British textiles firm Terrys Fabrics has invented a yarn that can conduct electricity. This yarn can be woven directly into items of clothing to create an e-textile that will serve as a power source.
At the moment, this special textile is intended to be used to create soldiers’ uniforms. It will allow soldiers to just take one battery with them and recharge it while away from their base,rather than having to carry many heavy and cumbersome batteries around with them.
It will have a huge benefit for the soldiers because they will be able to carry data and power with them wherever they go. Normal cables can break easily and cause people to lose access to the data, but the e-textiles can be designed in such a way that the information will be re-routed through the yarns should a breakage occur.
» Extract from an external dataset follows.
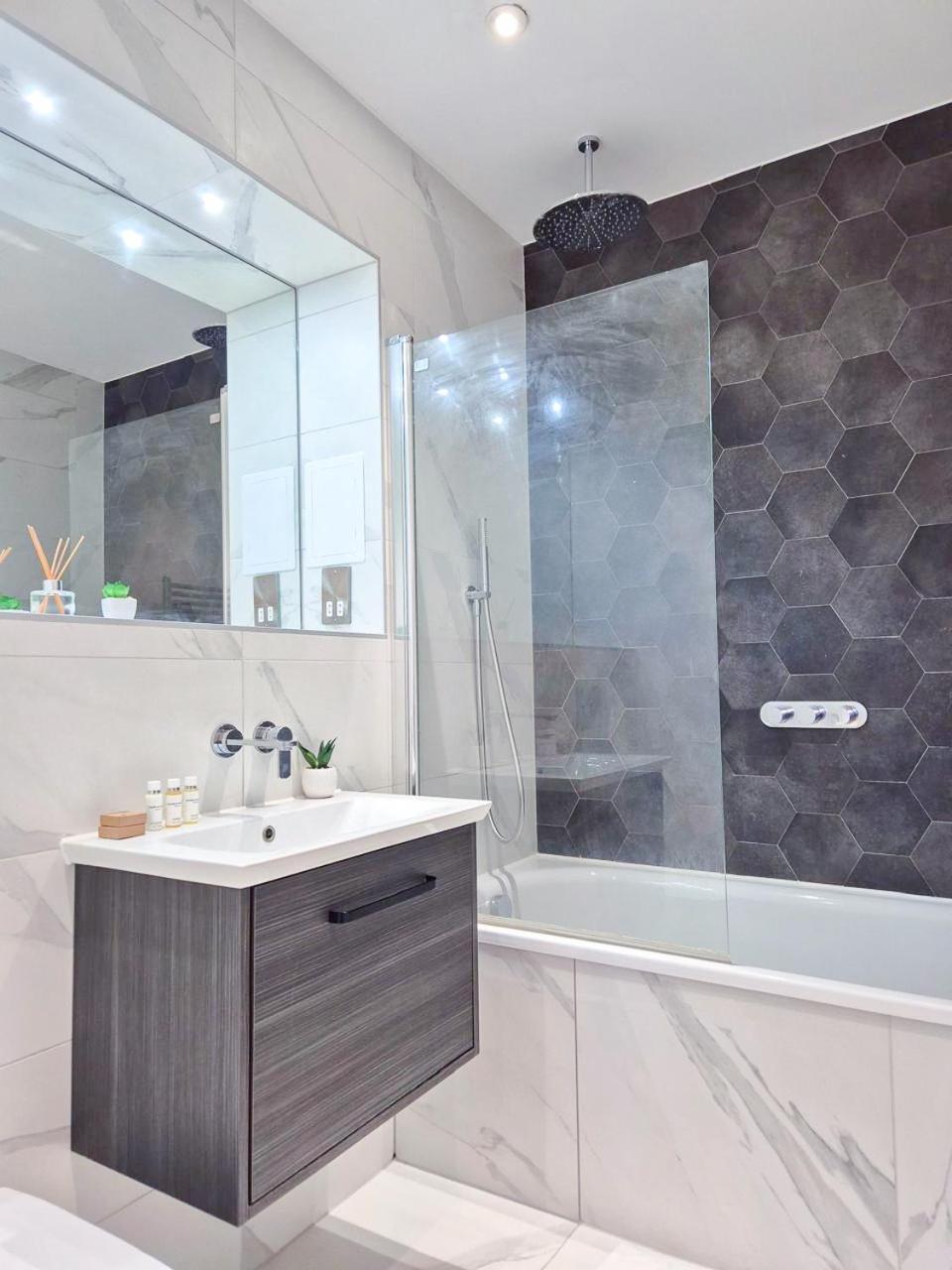 Appartement Chic 3-bedroom Flat With Private Balcony In Battersea Londres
The yarn was invented by Surrey firm Intelligent Textiles and they started carrying out trials on the product earlier this summer. However, they say it could take until 2014 and 2015 before the new intelligent uniforms are in more widespread use.
While this e-textile may not seem like something the average consumer can use right now, it will surely only be a matter of time before such technology works its way into everyday fabrics.
After all, nylon was first produced as a silk replacement during World War Two and was used to make military products such as flak vests and parachutes. Of course, nylon went on to revolutionise the fashion and textiles industries throughout the 1950s and 1960s.
Suddenly, designers were able to use the new synthetic fabric to create skirts that held pleats, curtains that could be died in bright colours and ladies stockings that no longer looked saggy and crinkly.
Textiles and science may seem to be worlds apart, but technological advances often change our popular culture and fashions. So how could e-textiles affect the way we live?
Well, we could begin to see jackets and handbags with the ability to recharge our iPods and mobile phones. We store so much data on our mobile phones now that we never would have dreamed possible a decade ago. In 10 years time, that information may be accessible from a watch strap or an item of clothing.
Textiles in the home could change too. The blinds and curtains you see now at http://www.terrysfabrics.co.uk may be able to store electronic information that tells them when to close and open - which would be very handy when away on holiday.
The possibilities are endless and may even seem fanciful and far-fetched to some. But when you look back at the impact that science breakthroughs have had on textiles in the past, it is hard not to be a little hopeful and excited.